Once you find the line with "3H Private Snowmobile" in the data that follows, repeat it and every line after it exactly, through the line with "Mitolo McLaren Vale".

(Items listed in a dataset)
*** Begin section ***

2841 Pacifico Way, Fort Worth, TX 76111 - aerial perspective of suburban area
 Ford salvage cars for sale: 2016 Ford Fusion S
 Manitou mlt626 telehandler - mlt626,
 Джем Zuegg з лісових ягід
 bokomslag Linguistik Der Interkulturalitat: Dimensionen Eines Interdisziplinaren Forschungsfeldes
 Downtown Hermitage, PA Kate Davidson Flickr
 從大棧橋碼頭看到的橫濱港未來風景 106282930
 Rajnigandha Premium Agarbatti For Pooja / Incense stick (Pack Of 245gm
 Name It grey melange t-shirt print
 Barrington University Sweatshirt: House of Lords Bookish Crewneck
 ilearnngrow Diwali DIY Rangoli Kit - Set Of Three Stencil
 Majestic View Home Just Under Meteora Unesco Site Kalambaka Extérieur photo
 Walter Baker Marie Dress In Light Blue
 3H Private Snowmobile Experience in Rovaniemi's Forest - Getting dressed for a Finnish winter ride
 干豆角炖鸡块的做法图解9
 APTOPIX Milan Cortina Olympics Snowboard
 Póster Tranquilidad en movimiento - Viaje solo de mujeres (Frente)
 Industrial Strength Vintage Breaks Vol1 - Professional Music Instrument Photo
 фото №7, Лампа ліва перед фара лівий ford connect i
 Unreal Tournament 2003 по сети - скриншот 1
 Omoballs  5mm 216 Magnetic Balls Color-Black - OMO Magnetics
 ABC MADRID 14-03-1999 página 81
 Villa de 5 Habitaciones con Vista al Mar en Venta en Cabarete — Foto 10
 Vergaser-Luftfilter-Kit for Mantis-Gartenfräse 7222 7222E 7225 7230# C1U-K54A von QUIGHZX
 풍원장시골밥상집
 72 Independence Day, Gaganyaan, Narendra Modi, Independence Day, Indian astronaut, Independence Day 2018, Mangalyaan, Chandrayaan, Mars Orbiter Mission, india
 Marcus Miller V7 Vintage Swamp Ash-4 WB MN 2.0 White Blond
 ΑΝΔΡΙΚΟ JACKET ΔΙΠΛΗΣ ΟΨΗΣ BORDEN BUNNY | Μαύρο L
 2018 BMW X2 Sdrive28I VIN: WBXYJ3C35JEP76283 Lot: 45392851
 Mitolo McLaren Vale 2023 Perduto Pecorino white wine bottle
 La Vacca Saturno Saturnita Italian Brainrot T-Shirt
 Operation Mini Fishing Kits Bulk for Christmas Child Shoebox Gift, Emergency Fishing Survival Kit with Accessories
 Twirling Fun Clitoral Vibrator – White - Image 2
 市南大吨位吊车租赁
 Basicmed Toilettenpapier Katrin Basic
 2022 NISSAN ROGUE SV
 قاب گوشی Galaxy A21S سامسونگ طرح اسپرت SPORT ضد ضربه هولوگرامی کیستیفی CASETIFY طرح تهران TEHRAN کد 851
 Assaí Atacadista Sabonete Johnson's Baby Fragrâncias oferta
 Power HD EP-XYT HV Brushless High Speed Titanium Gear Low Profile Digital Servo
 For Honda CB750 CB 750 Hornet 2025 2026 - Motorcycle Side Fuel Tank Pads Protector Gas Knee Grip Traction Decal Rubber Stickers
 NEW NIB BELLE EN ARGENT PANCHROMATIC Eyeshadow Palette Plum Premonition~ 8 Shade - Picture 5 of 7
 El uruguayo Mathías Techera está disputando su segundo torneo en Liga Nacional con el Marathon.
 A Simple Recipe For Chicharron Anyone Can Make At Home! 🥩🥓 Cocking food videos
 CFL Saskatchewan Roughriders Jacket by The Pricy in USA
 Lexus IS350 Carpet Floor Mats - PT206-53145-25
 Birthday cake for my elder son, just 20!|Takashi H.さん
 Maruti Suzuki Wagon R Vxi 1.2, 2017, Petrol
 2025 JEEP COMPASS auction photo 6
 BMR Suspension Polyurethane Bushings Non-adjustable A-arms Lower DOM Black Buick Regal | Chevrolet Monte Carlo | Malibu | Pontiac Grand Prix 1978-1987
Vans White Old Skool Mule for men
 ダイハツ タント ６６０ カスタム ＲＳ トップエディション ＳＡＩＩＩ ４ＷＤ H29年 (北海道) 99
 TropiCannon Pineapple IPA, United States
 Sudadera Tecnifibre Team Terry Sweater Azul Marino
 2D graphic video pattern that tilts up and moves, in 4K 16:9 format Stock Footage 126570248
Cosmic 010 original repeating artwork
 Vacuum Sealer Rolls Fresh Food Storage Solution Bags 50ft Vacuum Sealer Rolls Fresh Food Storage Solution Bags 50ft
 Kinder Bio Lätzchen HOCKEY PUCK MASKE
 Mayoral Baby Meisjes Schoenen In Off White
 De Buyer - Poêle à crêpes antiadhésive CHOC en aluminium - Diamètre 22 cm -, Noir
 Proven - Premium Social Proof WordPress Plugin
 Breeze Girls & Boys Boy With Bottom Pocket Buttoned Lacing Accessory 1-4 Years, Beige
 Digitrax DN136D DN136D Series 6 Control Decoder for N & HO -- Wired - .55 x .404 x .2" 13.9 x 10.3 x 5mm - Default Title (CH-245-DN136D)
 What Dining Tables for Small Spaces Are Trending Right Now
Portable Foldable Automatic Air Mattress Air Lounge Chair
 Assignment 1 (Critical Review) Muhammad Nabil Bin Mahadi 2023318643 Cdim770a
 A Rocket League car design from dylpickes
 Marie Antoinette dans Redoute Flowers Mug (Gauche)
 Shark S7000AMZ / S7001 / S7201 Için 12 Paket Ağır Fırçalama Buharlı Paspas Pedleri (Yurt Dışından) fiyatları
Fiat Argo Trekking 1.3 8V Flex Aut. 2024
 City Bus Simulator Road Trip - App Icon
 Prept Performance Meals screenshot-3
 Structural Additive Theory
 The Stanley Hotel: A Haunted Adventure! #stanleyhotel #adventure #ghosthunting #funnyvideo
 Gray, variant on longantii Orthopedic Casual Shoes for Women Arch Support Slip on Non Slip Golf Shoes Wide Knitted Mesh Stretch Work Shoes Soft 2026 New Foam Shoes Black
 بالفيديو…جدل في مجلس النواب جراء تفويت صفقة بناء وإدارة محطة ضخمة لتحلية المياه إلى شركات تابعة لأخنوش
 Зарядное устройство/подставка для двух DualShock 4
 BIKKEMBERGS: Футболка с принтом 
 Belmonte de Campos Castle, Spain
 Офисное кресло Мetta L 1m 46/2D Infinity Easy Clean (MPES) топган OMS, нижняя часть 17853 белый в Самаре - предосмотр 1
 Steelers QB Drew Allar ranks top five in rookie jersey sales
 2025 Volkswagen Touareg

*** End section ***

TASK RESULT
 3H Private Snowmobile Experience in Rovaniemi's Forest - Getting dressed for a Finnish winter ride
 干豆角炖鸡块的做法图解9
 APTOPIX Milan Cortina Olympics Snowboard
 Póster Tranquilidad en movimiento - Viaje solo de mujeres (Frente)
 Industrial Strength Vintage Breaks Vol1 - Professional Music Instrument Photo
 фото №7, Лампа ліва перед фара лівий ford connect i
 Unreal Tournament 2003 по сети - скриншот 1
 Omoballs  5mm 216 Magnetic Balls Color-Black - OMO Magnetics
 ABC MADRID 14-03-1999 página 81
 Villa de 5 Habitaciones con Vista al Mar en Venta en Cabarete — Foto 10
 Vergaser-Luftfilter-Kit for Mantis-Gartenfräse 7222 7222E 7225 7230# C1U-K54A von QUIGHZX
 풍원장시골밥상집
 72 Independence Day, Gaganyaan, Narendra Modi, Independence Day, Indian astronaut, Independence Day 2018, Mangalyaan, Chandrayaan, Mars Orbiter Mission, india
 Marcus Miller V7 Vintage Swamp Ash-4 WB MN 2.0 White Blond
 ΑΝΔΡΙΚΟ JACKET ΔΙΠΛΗΣ ΟΨΗΣ BORDEN BUNNY | Μαύρο L
 2018 BMW X2 Sdrive28I VIN: WBXYJ3C35JEP76283 Lot: 45392851
 Mitolo McLaren Vale 2023 Perduto Pecorino white wine bottle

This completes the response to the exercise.